◆ Work request
Word for word, the data below must be repeated in full; no picture is to be included.
+++++
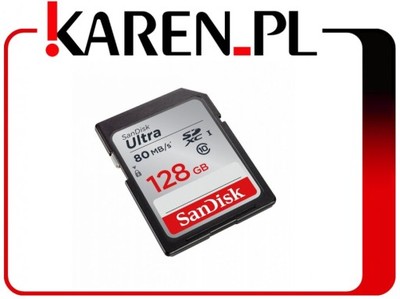Secure Digital (SDXC) 128GB SanDisk Ultra 80 MB/s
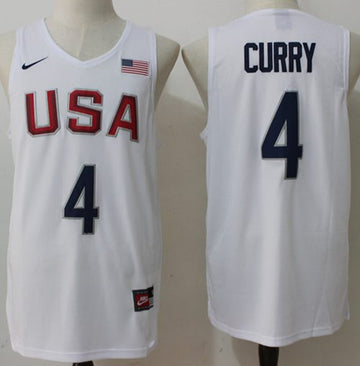 Stephen Curry USA Basketball white jersey
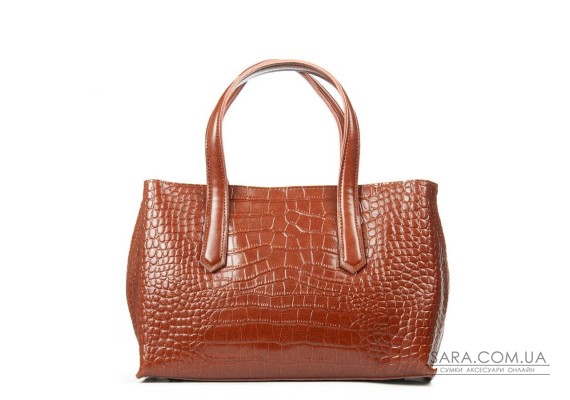 Сумка Шкіряна Жіноча Класична ALEX RAI 8815 coffee croco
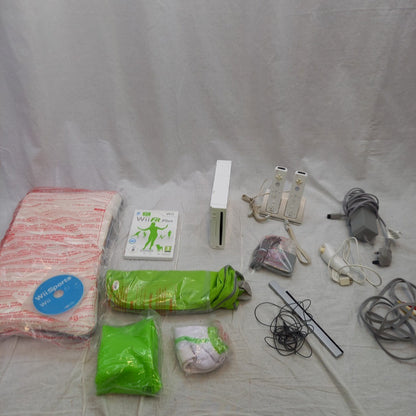 Nintendo Wii fit Plus Bundle With Accessories Tested & Working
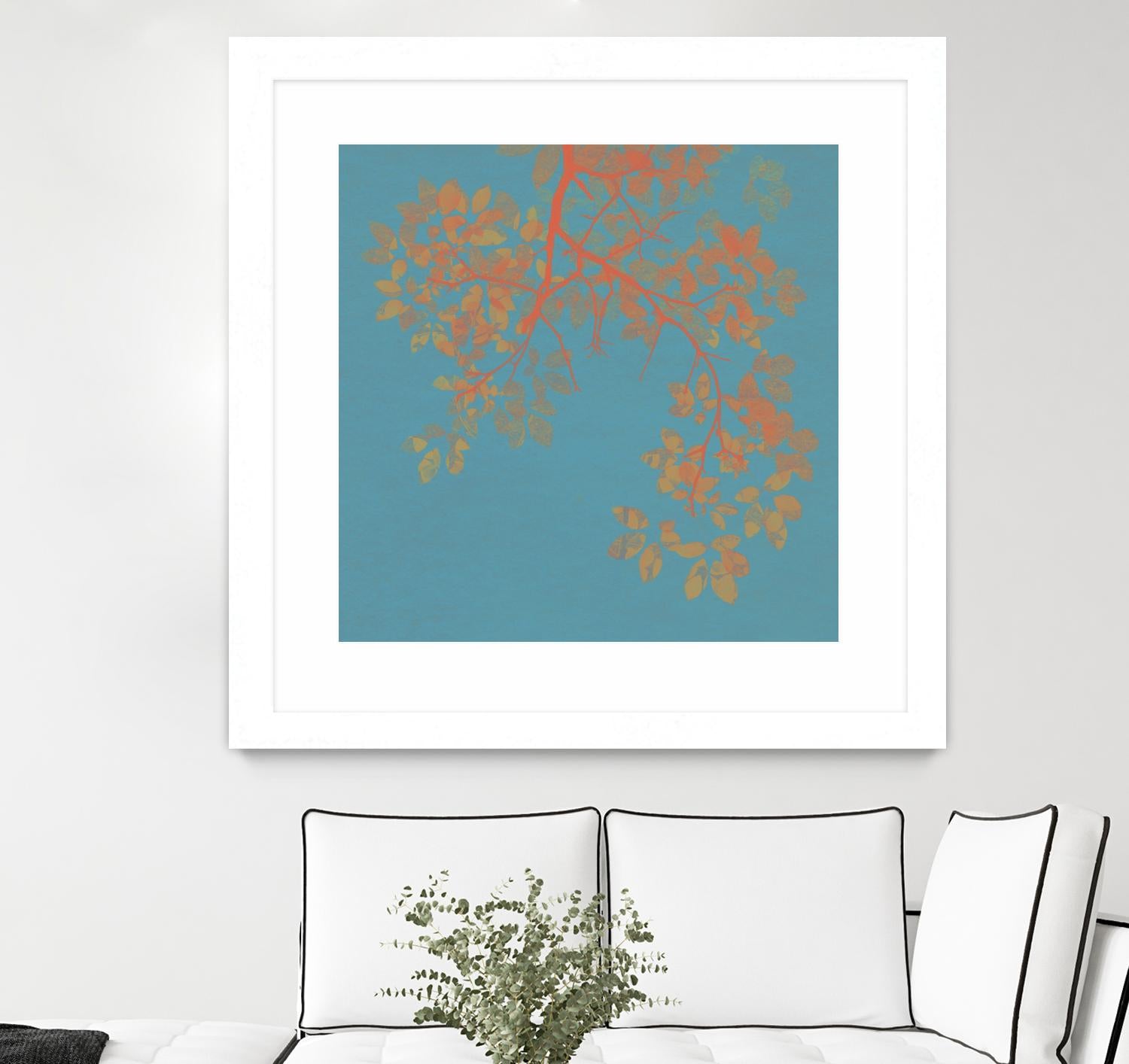 Shire I by Ricki Mountain on GIANT ART - red floral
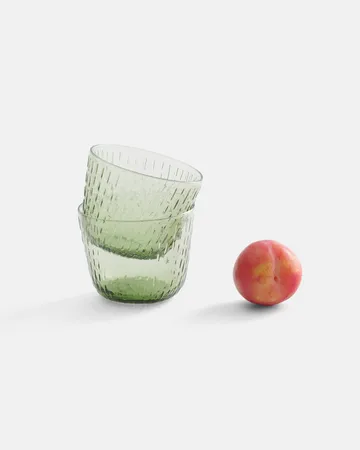 Syksy drikkeglas 2 dl 2-pak - Olive - Marimekko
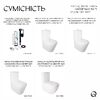 Qtap GB комплект арматури для бачка унітазу з подвійною круглою кнопкою змиву 4,8 см та клапаном нижньої подачі води, 3/6L CHR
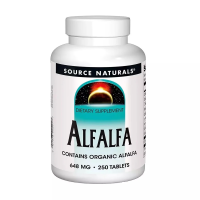 foto дієтична добавка в таблетках source naturals alfalfa люцерна 648 мг, 250 шт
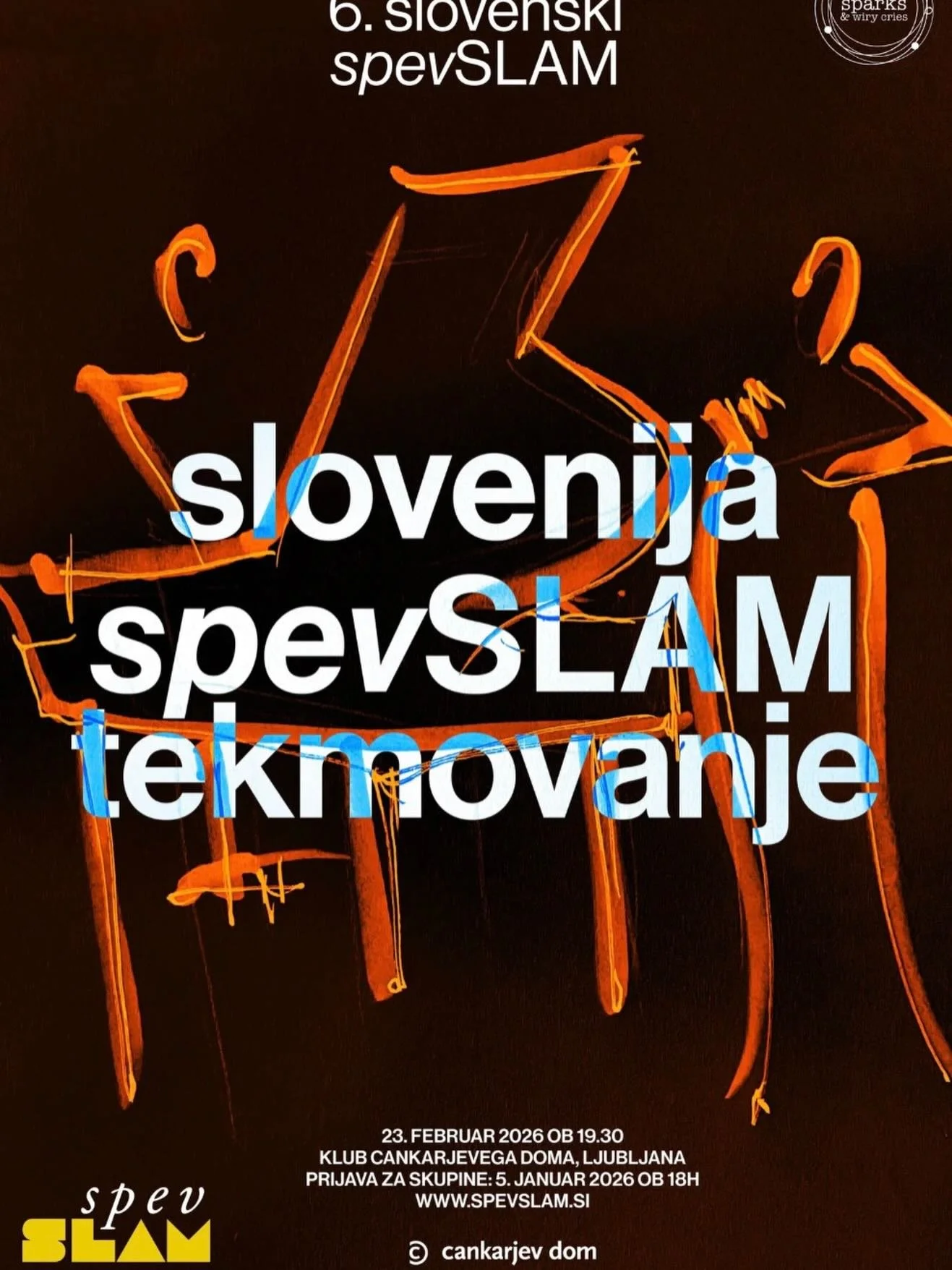 The SIXTH Slovenian songSLAM is TOMORROW at Klub CD at 7:30PM in Ljubljana, Slovenia!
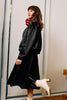 Mia Skirt in Black Shiny Woven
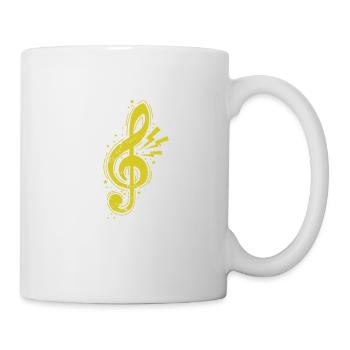 Clef Clé de sol Musique - Mug blanc - blanc - Droite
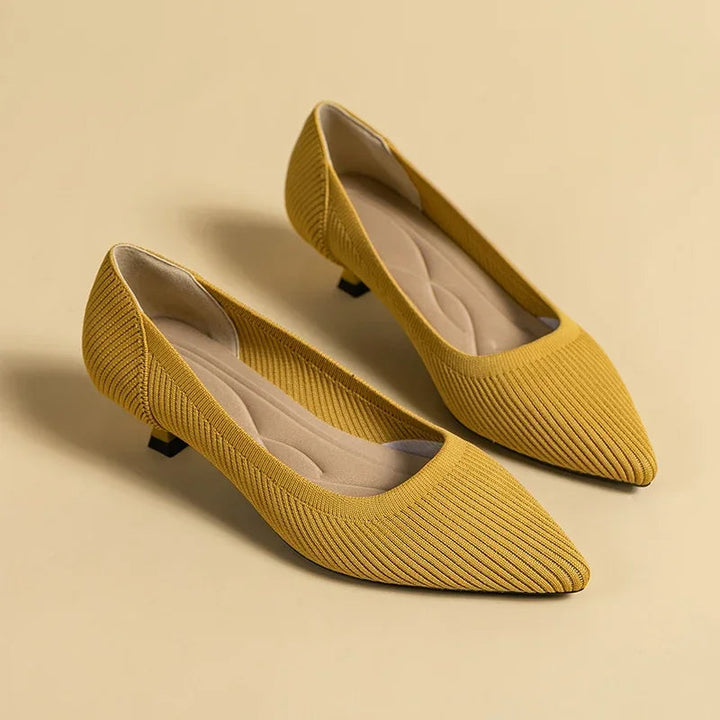 Orthopedic women's heeled sandals, elegant footwear for superior arch support & comfort.
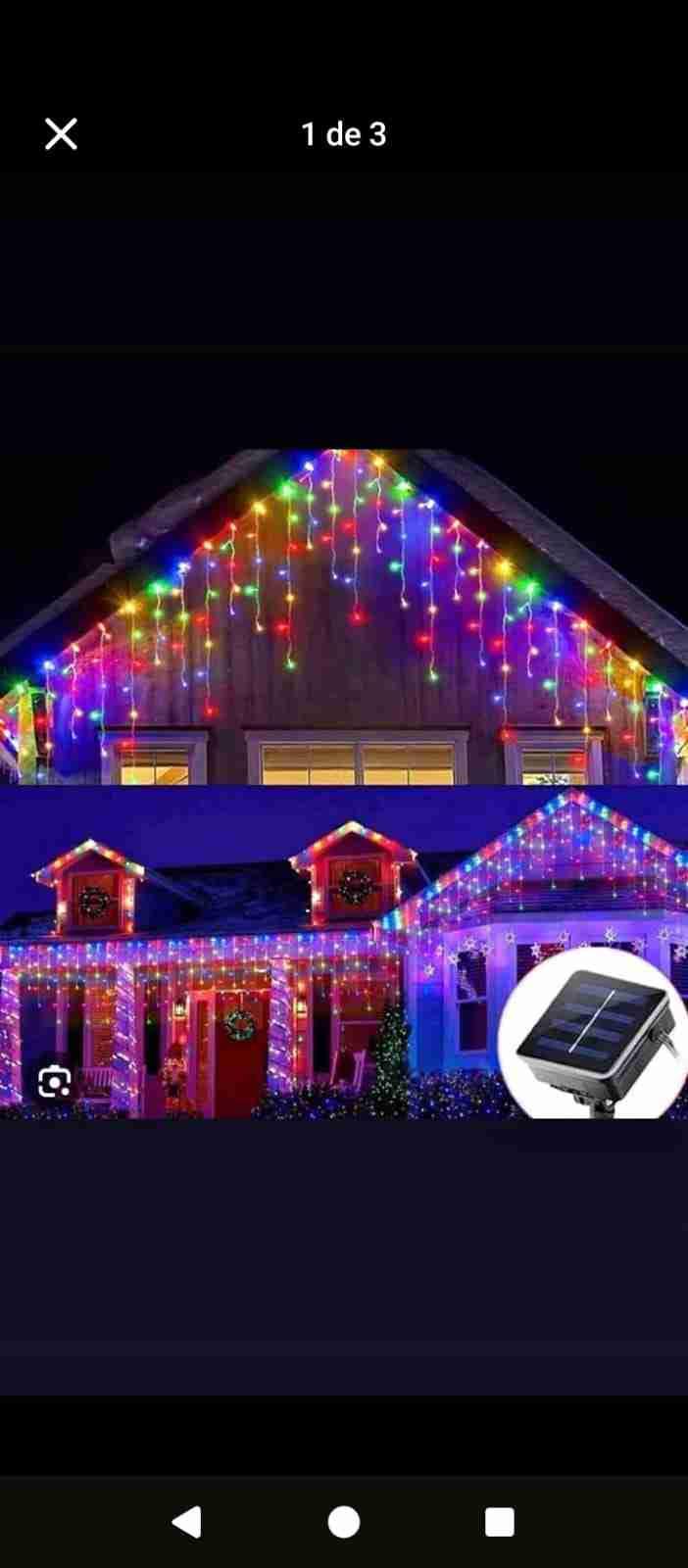 Luces navideñas exteriores solares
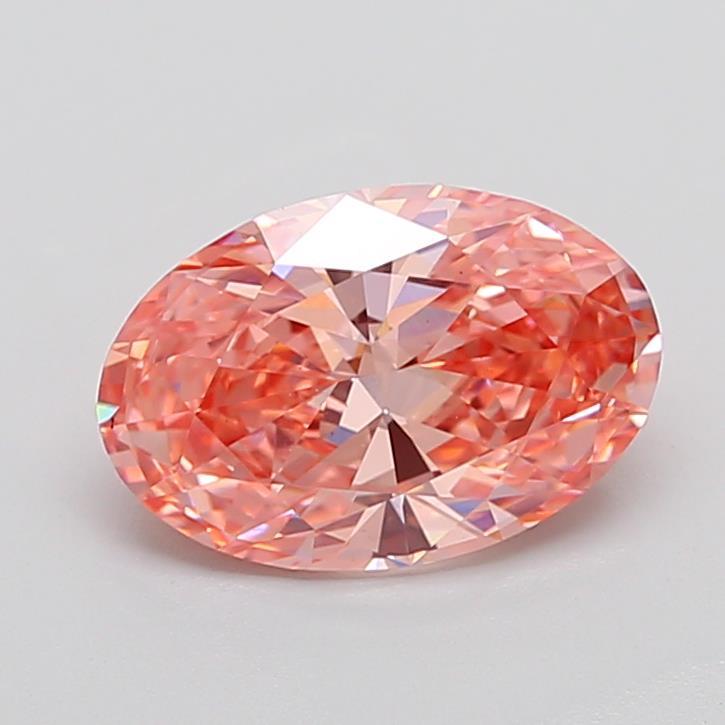 3.02 Ct. Fancy Vivid  Pink Oval Lab Grown Diamond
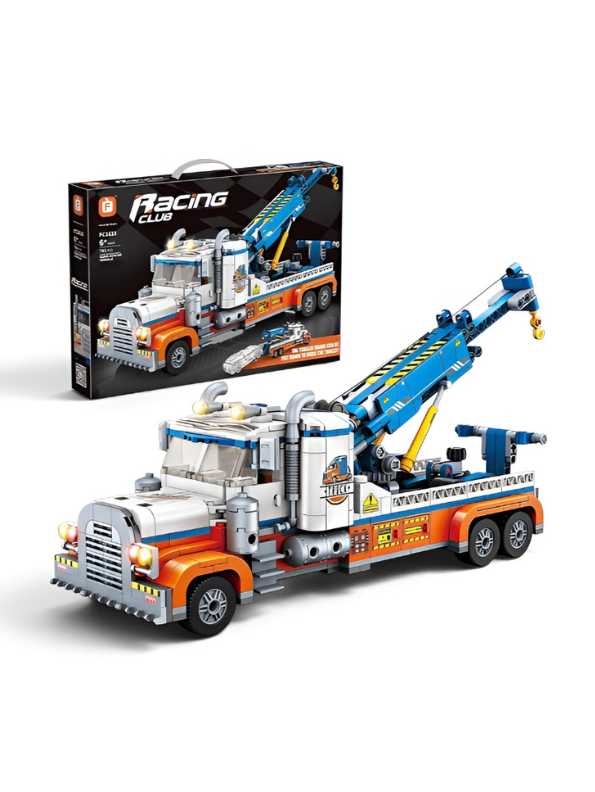 Heavy-Duty Tow Truck Building Kit – Technic Engineering Construction Set MD336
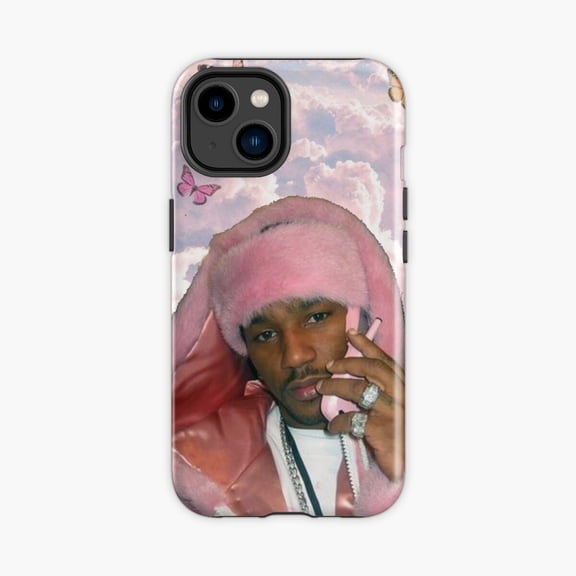 Protective iPhone Case Retro Rapper Portrait Inspired Phone Case IP13/14 Magnetic MagSafe Compatible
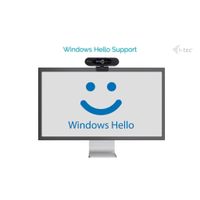Miniatura 8 de i-tec SOLOMON WH200 2K Webcam with Windows Hello
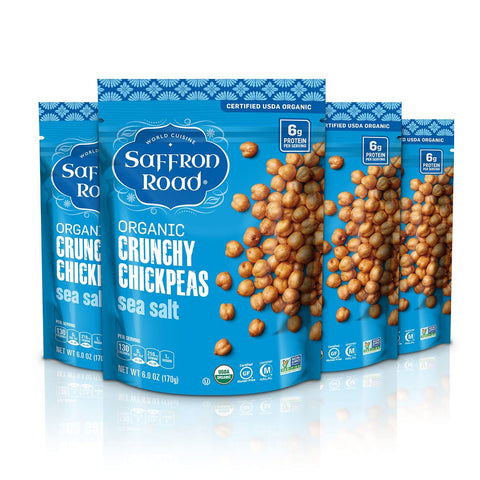 SAFFRON ROAD Organic Sea Salt Chickpeas 5.4 Ounce
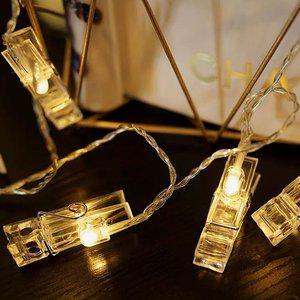 고품질 포토 전구 LED 집게 클립 점멸등 20구 전구사진집게 건전지전구 포토보드 LED사진걸이 (WFHXLZX)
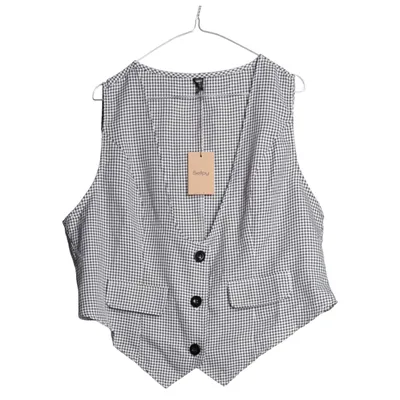 Kostymväst (Svart, Vit) från Shein Curve Elastan, Polyester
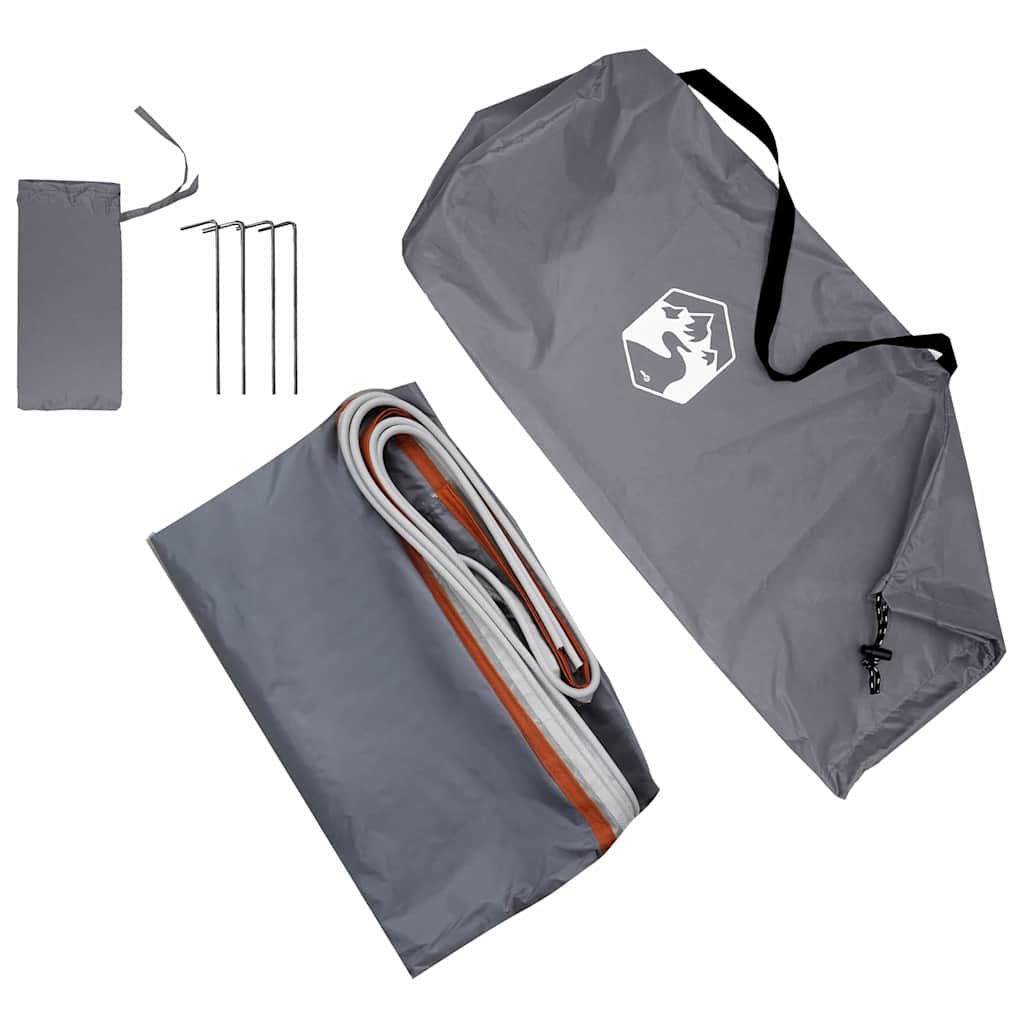 vidaXL Water Resistant Tarp -Person 240 x 300 cm Grey and Orange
+++++
◆ Exercise answer
Secure Digital (SDXC) 128GB SanDisk Ultra 80 MB/s
 Stephen Curry USA Basketball white jersey
 Сумка Шкіряна Жіноча Класична ALEX RAI 8815 coffee croco
 Nintendo Wii fit Plus Bundle With Accessories Tested & Working
 Shire I by Ricki Mountain on GIANT ART - red floral
 Syksy drikkeglas 2 dl 2-pak - Olive - Marimekko
 Qtap GB комплект арматури для бачка унітазу з подвійною круглою кнопкою змиву 4,8 см та клапаном нижньої подачі води, 3/6L CHR
 foto дієтична добавка в таблетках source naturals alfalfa люцерна 648 мг, 250 шт
 The SIXTH Slovenian songSLAM is TOMORROW at Klub CD at 7:30PM in Ljubljana, Slovenia!
 Mia Skirt in Black Shiny Woven
 Clef Clé de sol Musique - Mug blanc - blanc - Droite
 Orthopedic women's heeled sandals, elegant footwear for superior arch support & comfort.
 Luces navideñas exteriores solares
 3.02 Ct. Fancy Vivid  Pink Oval Lab Grown Diamond
 Heavy-Duty Tow Truck Building Kit – Technic Engineering Construction Set MD336
 Protective iPhone Case Retro Rapper Portrait Inspired Phone Case IP13/14 Magnetic MagSafe Compatible
Miniatura 8 de i-tec SOLOMON WH200 2K Webcam with Windows Hello
 SAFFRON ROAD Organic Sea Salt Chickpeas 5.4 Ounce
 고품질 포토 전구 LED 집게 클립 점멸등 20구 전구사진집게 건전지전구 포토보드 LED사진걸이 (WFHXLZX)
 Kostymväst (Svart, Vit) från Shein Curve Elastan, Polyester
 vidaXL Water Resistant Tarp -Person 240 x 300 cm Grey and Orange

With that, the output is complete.